I was refering to the Air bag Light. Does anyone know the code it is sending as refered above?


----------



## garfix (Apr 2, 2007)

*Reset Air Bag*



msubullyfan said:


> http://www.nissanforums.com/966228-post7.html
> 
> I've used it 3 times and it worked every time. It works for 1st gen Fronties, too.




Used this on my first gen Frontie extended cab and worked perfectly on the first shot! THANKS!!!


----------



## ilovemy04frontie (Apr 15, 2007)

Worked on my '04. Thanks!!!!!!!!!!!


----------



## shinysr20 (Jul 14, 2007)

*IT WORKS*

I USED THIS ON MY P11 144 SR20 UK CAR AND IT DOES WORK - SPOT ON , SAVED ME A FEW QUID .


----------



## PCA_Patrol (Oct 5, 2007)

You can add the 2007 Frontier to the list: 
Same issue,
Same fix
First time, no worries! 
As new to this forum: already worth its weight, saved a trip to dealer and not doubt $$$!


----------



## jacked69 (Dec 19, 2007)

*Nissan Frontier 2004, King cab airbag light*

Solution of turning off and on 3x times works up above. 

I was installing my Sony CD/Radio/mp3 player and somehow it must have tripped the airbag.

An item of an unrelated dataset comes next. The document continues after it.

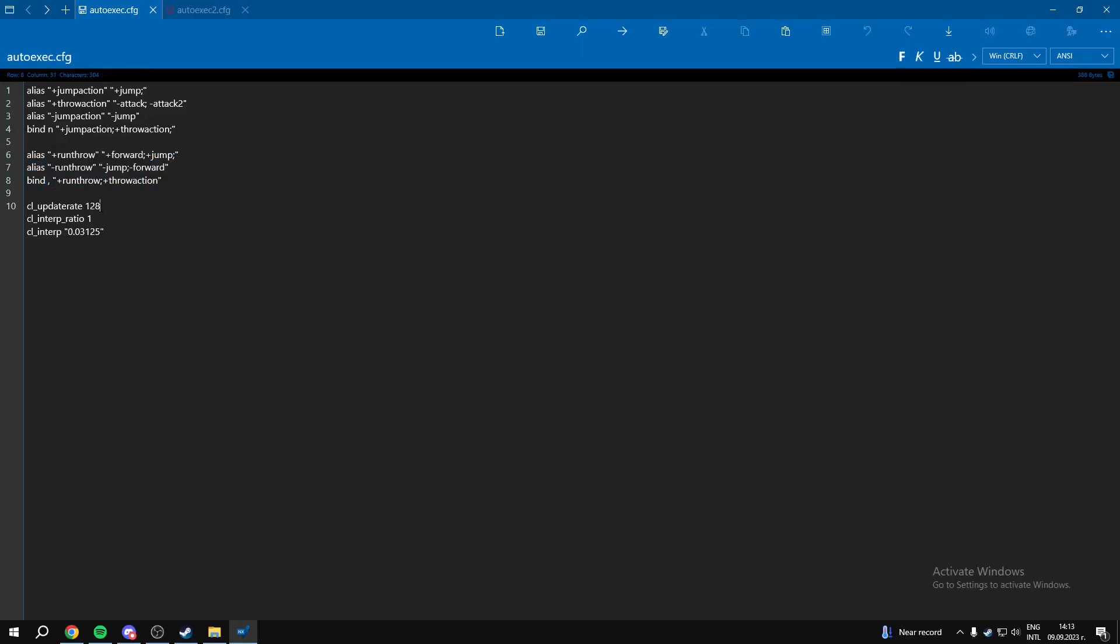And here these commands are going to help with if you have ever experienced the issue of getting killed through walls or if you have experienced issues with your sprays. These commands are going to help a lot.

I followed the instructions and it worked. 

Nissan 2004 Frontier, King cab. 38K mileage.


----------



## sbigshot (Dec 16, 2005)

^^ yeah, it has worked great for me in the past!! :jump:


----------



## SpaceWalker (May 23, 2008)

This thread sounds very useful to me .. I just bought a car (2004 Almera) from a small garage, but my car's airbag light never blinks. The story was, I saw the light was constantly on during the test drive and I was told it only needs a "reset". Then when I got back about 1 hour later to pick up the car, the light wasn't blinking so I thought it was fine. Only after I got home and read the manual, I realized that the light should blink for around 7 seconds when the engine starts. It looks like the garage had done some tricks to turn the light off. 

Since the garage is a bit too far from me and I am trying to see if I can get it fixed in my local Nissan dealer. The engineer of my local Nissan dealer spent about an hour, e.g., removed the dash board (since he suspected the bulb was removed.) But it turned out the dash board was fine. 

Does anyone here have any ideas on what might have been done and which places I should check?

Did they rewire the airbag system? I have read some posts about rewiring, but am I right, even if they rewired the system to "fool" the car's computer, the airbag light should still blinks when the engine starts?

Since I only left the car for about 45 minutes to an hour, I don't think they have done some major works. 

Please does anyone have any ideas? Thank you very much.


----------



## youtube/badboynineo (Jul 30, 2008)

*GRATEFUL FOR SITES LIKE THIS ONE*

:newbie:thanks for all the 411 i get from here i have saved my self some money and learned some new things, my air bag light was flashing too and i followed the steps and viola :fluffy:it went away after like 6 months , then i also did the MAF relearn because i had the check engine light on after installing a cold air intake and cleaning the throttle body (intake spray) , my idle was buggin out on like 1500rmp , that took me like 2-3 days to learn to do but the idle came back down and the service eng light is off.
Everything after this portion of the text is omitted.